General information
- Type: Autogyro
- National origin: Australia
- Manufacturer: Amax Engineering
- Status: Production completed

History
- Variant: Amax Eagle TT

= Amax Eagle =

The Amax Eagle is an Australian autogyro that was designed and produced by Amax Engineering of Donvale, Victoria, introduced in the early 1990s. Now out of production, when it was available the aircraft was supplied as a kit for amateur construction.

==Design and development==
The Eagle was designed to comply with amateur-built aircraft rules. It features a single main rotor, a single-seat open cockpit without a windshield, tricycle landing gear without wheel pants and a four-cylinder, liquid-cooled, four-stroke, single-ignition 110 hp Subaru EA81 automotive engine in pusher configuration.

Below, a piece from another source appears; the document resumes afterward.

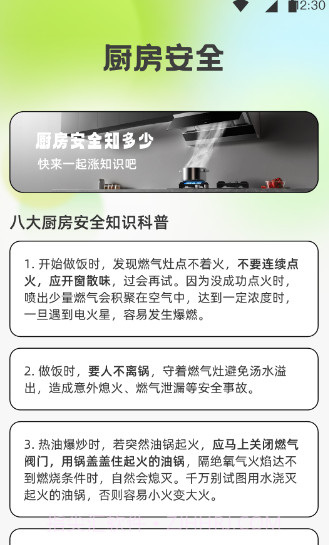 巧手得宝截图2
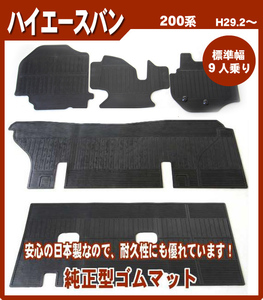 純正型ゴムマット■トヨタ■ハイエース 200系 9人乗り【標準幅車】平成29年2月～専用留め具付【安心の日本製】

The aircraft fuselage is made from welded 4130 steel tubing with some aluminum parts. Its two-bladed rotor has a diameter of 26.00 ft. The aircraft has a typical empty weight of 410 lb and a gross weight of 850 lb, giving a useful load of 440 lb. With full fuel of 12 u.s.gal the payload for the pilot and baggage is 368 lb.

The standard day, sea level, no wind, take off with a 110 hp engine is 100 ft and the landing roll is 10 ft.

The manufacturer estimated the construction time from the supplied kit as 100 hours.

The Eagle was later developed into the Eagle TT ("Tall Tail"). The Eagle TT has higher landing gear allowing the engine to be placed on the vertical center of gravity which eliminates pitch changes with throttle application.

==Operational history==
The Eagle won Most Outstanding Design at the 1992 Popular Rotorcraft Association annual convention in Brookville, Ohio, United States.

The design is widely employed in Australia for cattle mustering.